**What you have to do**
Exclude all pictures from your copy of the data below, which should otherwise match exactly.

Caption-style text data

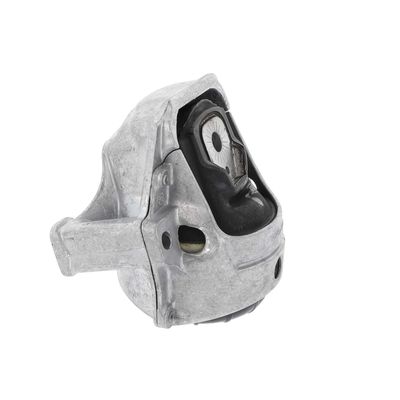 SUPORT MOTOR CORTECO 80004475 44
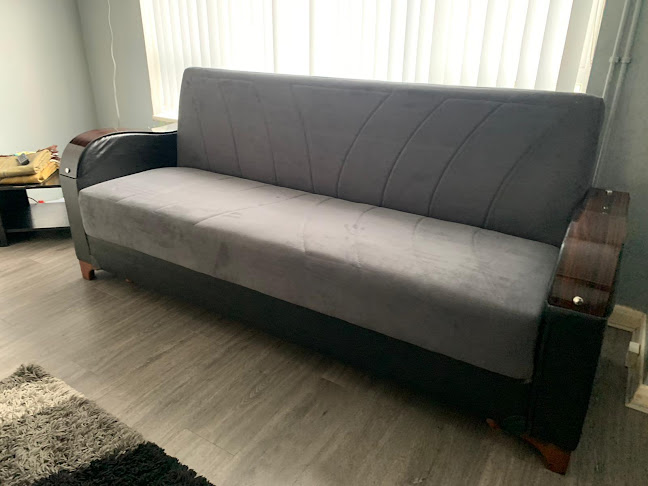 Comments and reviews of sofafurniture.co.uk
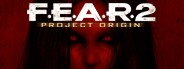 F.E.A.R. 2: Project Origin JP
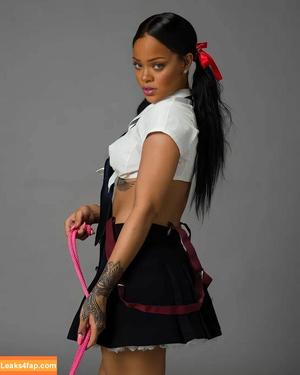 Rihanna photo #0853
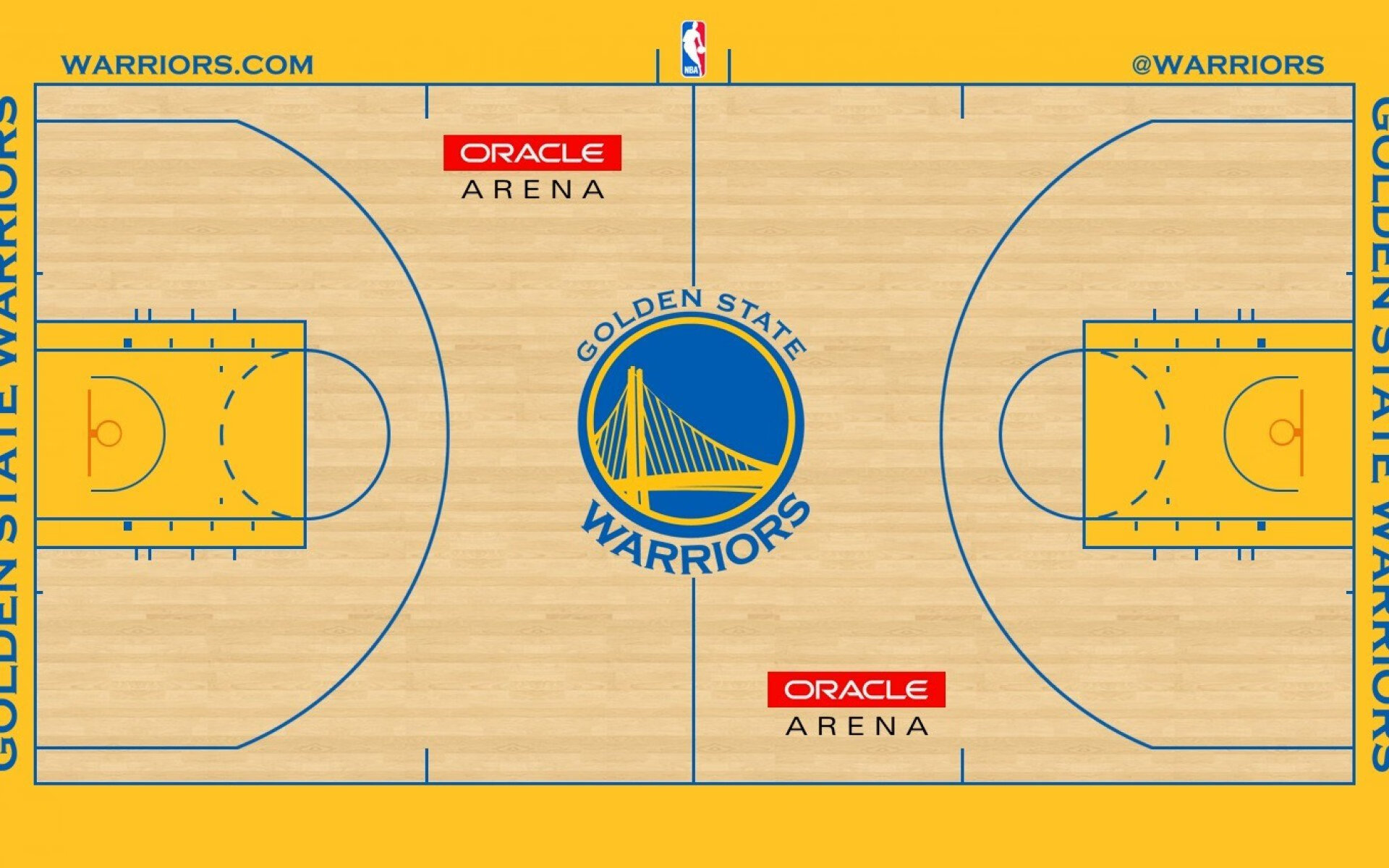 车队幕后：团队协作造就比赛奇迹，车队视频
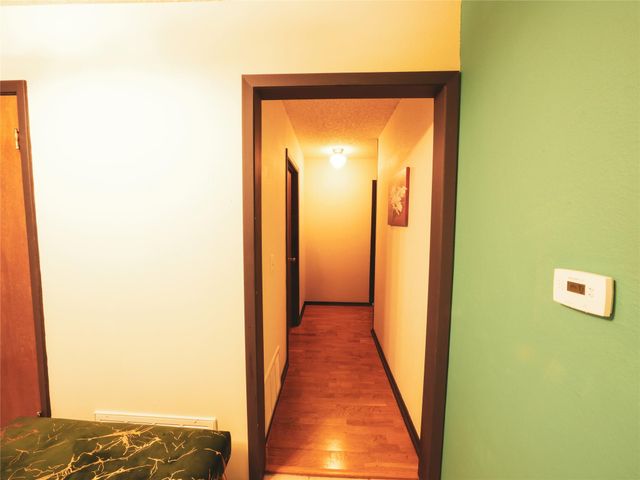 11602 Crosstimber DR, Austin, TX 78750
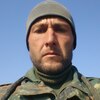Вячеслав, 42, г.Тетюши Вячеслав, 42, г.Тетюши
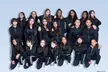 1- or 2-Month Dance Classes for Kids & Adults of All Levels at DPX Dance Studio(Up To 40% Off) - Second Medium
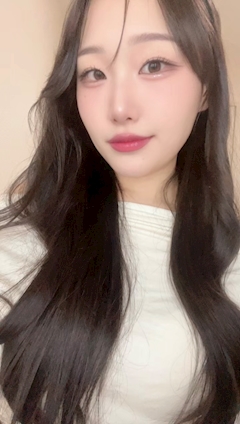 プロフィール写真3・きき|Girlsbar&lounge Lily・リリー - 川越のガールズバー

**Answer box**
 SUPORT MOTOR CORTECO 80004475 44
 Comments and reviews of sofafurniture.co.uk
 F.E.A.R. 2: Project Origin JP
 Rihanna photo #0853
 车队幕后：团队协作造就比赛奇迹，车队视频
 11602 Crosstimber DR, Austin, TX 78750
Вячеслав, 42, г.Тетюши Вячеслав, 42, г.Тетюши
 1- or 2-Month Dance Classes for Kids & Adults of All Levels at DPX Dance Studio(Up To 40% Off) - Second Medium
 プロフィール写真3・きき|Girlsbar&lounge Lily・リリー - 川越のガールズバー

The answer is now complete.